Let’s review the main safety measures to keep us and our families safe:
- If you haven’t read the operator’s manual on safety yet this season, pull it out and review all the safety points. If you don’t understand something, call a friend or the equipment company who will kindly answer your questions.
- If you do not have an operator’s manual call the company and request one.
- Check all shields guards and safety signs to see that they are correctly in place to prevent possible cut injuries or entanglement.
- To prevent bystanders from being hit with thrown objects, you should make sure discharge deflectors are in place and working properly.
- If you have older equipment without guards, spend a little money. Ask your dealer to bring it up to safety codes and standards.
- Make sure the cutoff switch (connected to the seat of your riding lawn mower) is working.
- Always wear your seat belt to prevent falling from the tractor and being run over. You should also avoid using a tractor without a Roll Over Protection Structure (ROPS).
- Do not allow riders to either sit or stand on the mower or equipment as this can result in serious injury or death should they slip or fall.
- Never, never, never attempt to adjust, repair, or perform maintenance on your equipment without first stopping all moving parts, including the engine.

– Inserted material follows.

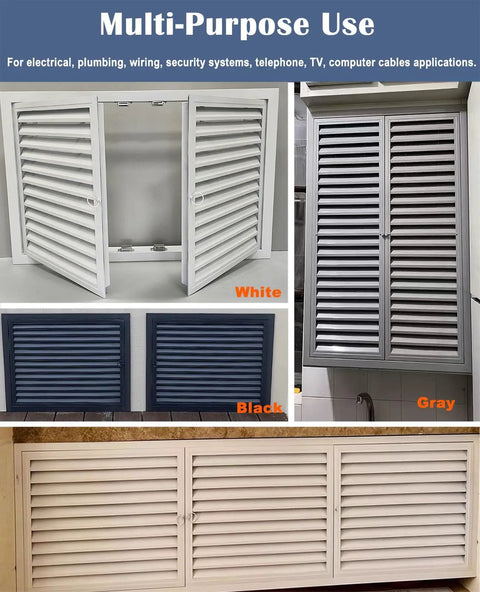 Heavy Duty Aluminum Wall Access Panel With Secure Magnetic Latch And Crisp White Louvered Vents For No Sweat Drywall Inspection And Top Shelf Airflow Control 36 By 48 Inch shown in white and gray for multi-purpose use.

- Before you work near or under a cutter deck, make sure it is securely supported and/or held in place to prevent being struck by any falling object.
Part of this information came from the ADMA and I recommend their web site for more information on safety: ADMA. If you want to know any information about yards or pastures, call the N.C. Cooperative Extension of Lincoln County office at 704.736.8461.
Submitted by the Livestock & Forage Extension Agent for Lincoln County residents and surrounding area, Glenn Detweiler 405.219.1902.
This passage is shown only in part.